Bug 696116

Summary:	letters of (hidden) ocr text get separated by spaces
Product:	Ghostscript	Reporter:	RegEchse
Component:	PDF Writer	Assignee:	Ken Sharp <ken.sharp>
Status:	RESOLVED WONTFIX
Severity:	normal	CC:	bart.libert
Priority:	P4
Version:	master
Hardware:	PC
OS:	Linux
Customer:		Word Size:	---
Attachments:	pdf output of tesseract

Description RegEchse 2015-07-26 06:04:56 UTC

Created attachment 11825 [details]
pdf output of tesseract

The attached pdf is some output from tesseract (3.04.00).
If it is processed with gs (gs -sDEVICE=pdfwrite -o test_gs.pdf test.pdf)
the "hidden text" becomes essentially useless because in test_gs.pdf the
text contains additional spaces between every character, e.g. "h o m o t o p y"
instead of "homotopy" (as it was before).

I noticed the bug with v9.16 but also checked that it still occurs
with the current master branch (e32fe0b1).
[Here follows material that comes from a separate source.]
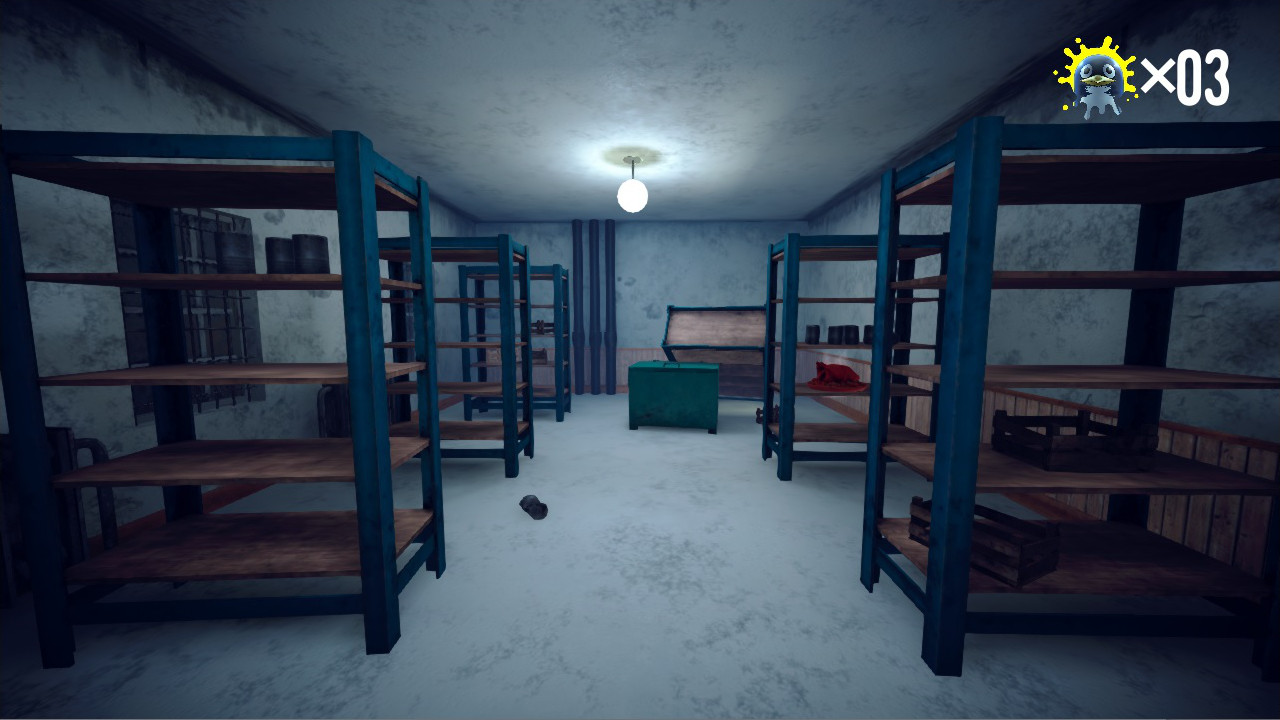 PENGUIN's DOGMA Demo #3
Comment 1 Ken Sharp 2015-07-28 06:58:38 UTC

The output file produced by pdfwrite does not, in fact contain additional spaces. The font being used is a CIDFont, which means that character codes are 2 bytes. The first byte of each of the codes is 0x00, which some editors may render as a white space, however there is no space there. Indeed if you look at a (decompressed) version of the original file you can see that ths too contains the same construction, eg:

BT
3 Tr 1 0 0 1 153.257 1635.286 Tm /f-0-0 2 Tf 95554.286 Tz [ <0020> ] TJ 
ET

The equivalent in the pdfwrite output is:

BT
/R10 2 Tf
955.543 0 0 1 153.257 1635.29 Tm
3 Tr
[(  )-500]TJ

Note that the first 'space' in the () pair is actually a 0x00.

The original PDF file does not contain spaces (actually not quite true, ans the first glyph is a space, but still...), so the resulting PDF file produced by pdfwrite *also* does not contain spaces. pdfwrite is unable to determine where the original file has a BT and ET so simply emits the whole text in one Text group (ET/BT pair).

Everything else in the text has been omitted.